Dear Editor:
Re: Crisis? What crisis? June 11 editorial.
Your editorial makes some valid points but you make it sound like affordability is a North Shore problem. It’s also a problem in the rest of Metro Vancouver, southern Vancouver Island and even southern Ontario and Montreal.
We have a national crisis on our hands that essentially starts with our own greed. When did homes stop being a place to live and become an investment – in the case of many people, their only investment?
The best the federal government seems to want to do is tinker with mortgage qualification requirements, but that doesn’t tackle the supply problem, particularly in affordable rental housing.
Maybe the incentive to own a principal residence is too great. So take away all or most of the tax-free profit in ownership, particularly short-term ownership. Too much capital is being ploughed into non-productive assets like housing. We need that capital for infrastructure and for making our industries more competitive in global terms.
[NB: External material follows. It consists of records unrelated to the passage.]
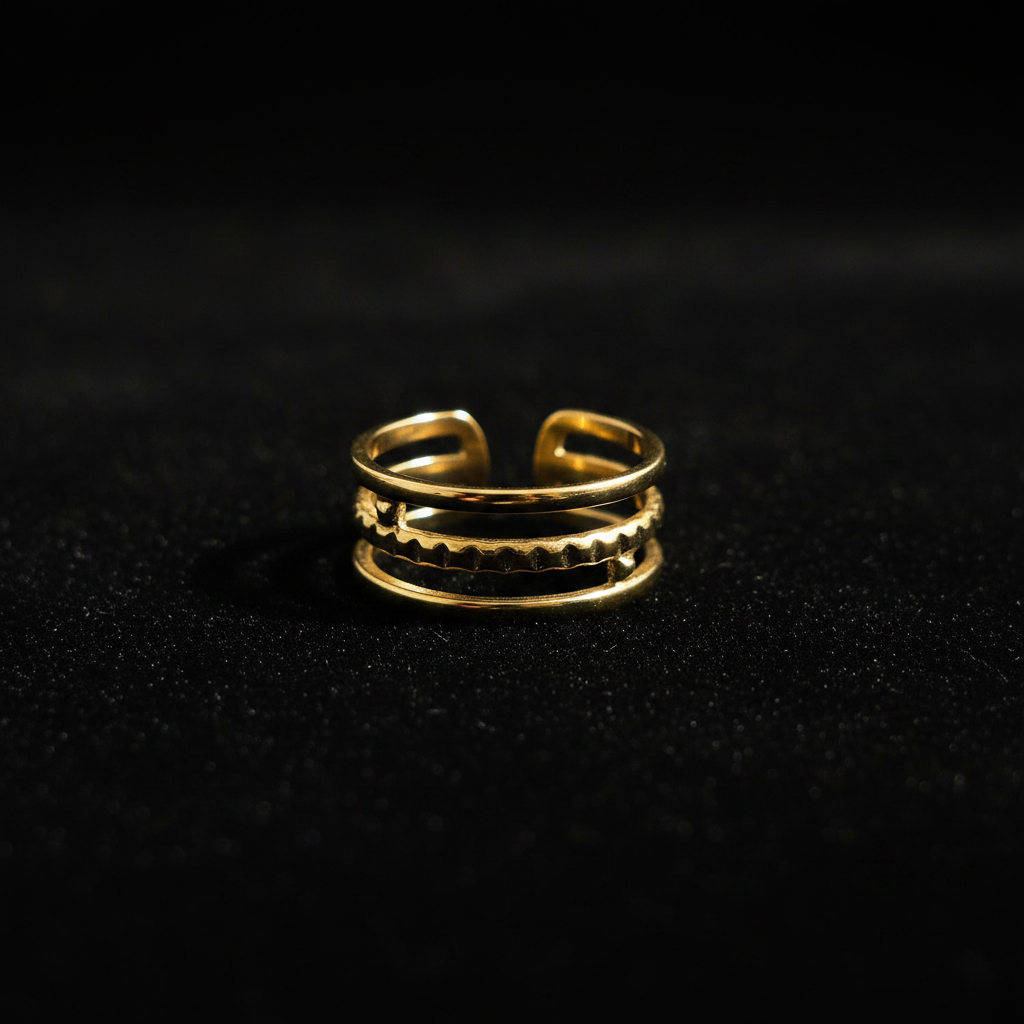 Gold triple layer open cuff ring on black velvet with dramatic rim lighting
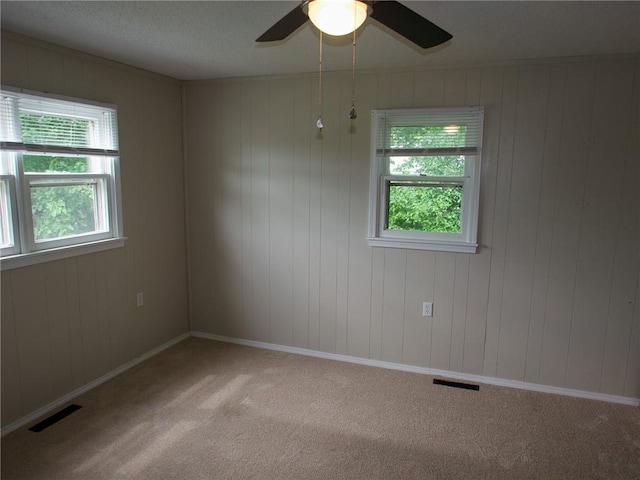 715 N Warren St, Warrensburg, MO 64093 - carpeted empty room featuring ceiling fan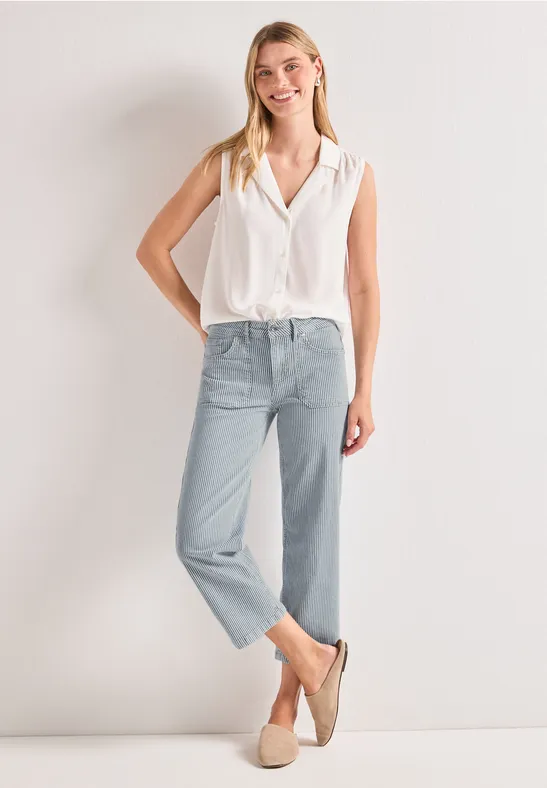 Femme en chemisier blanc sans manches, jean bleu clair et mocassins beiges sur fond clair.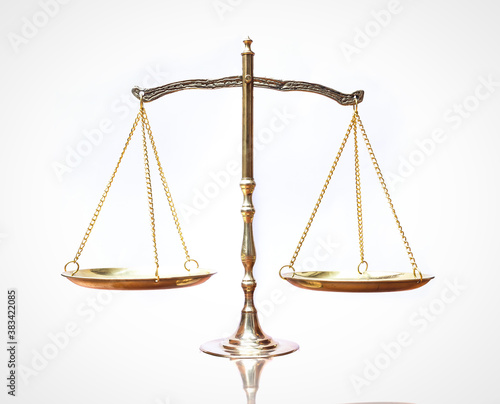 Symbol of justice: Law scales on table isolated on white background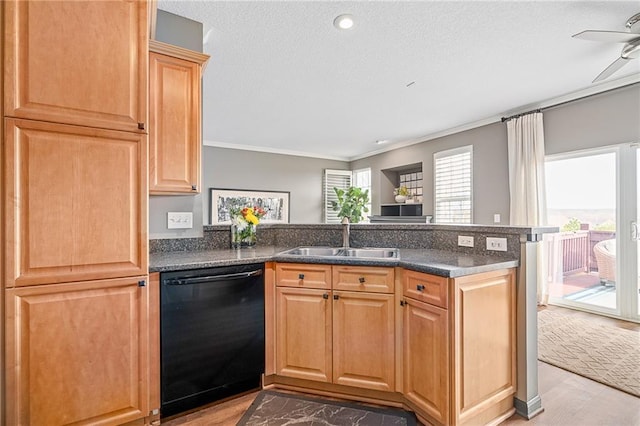 kitchen with black dishwasher, crown molding, a sink, a textured ceiling, and a peninsula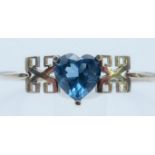 A silver bangle with heart shaped blue stone. Heart 1.5 cm high.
And bring back the incentives to develop co-op housing abandoned by the feds in the 1990s.
If they haven’t done so already, the province, the feds and the municipal governments can all do land inventories to identify property that can be developed for more affordable rental housing and provide financing for that housing. My bet is there is enough property to provide thousands of affordable housing units in Metro Vancouver alone. Then municipal governments have to stop the foot dragging and NIMBYism.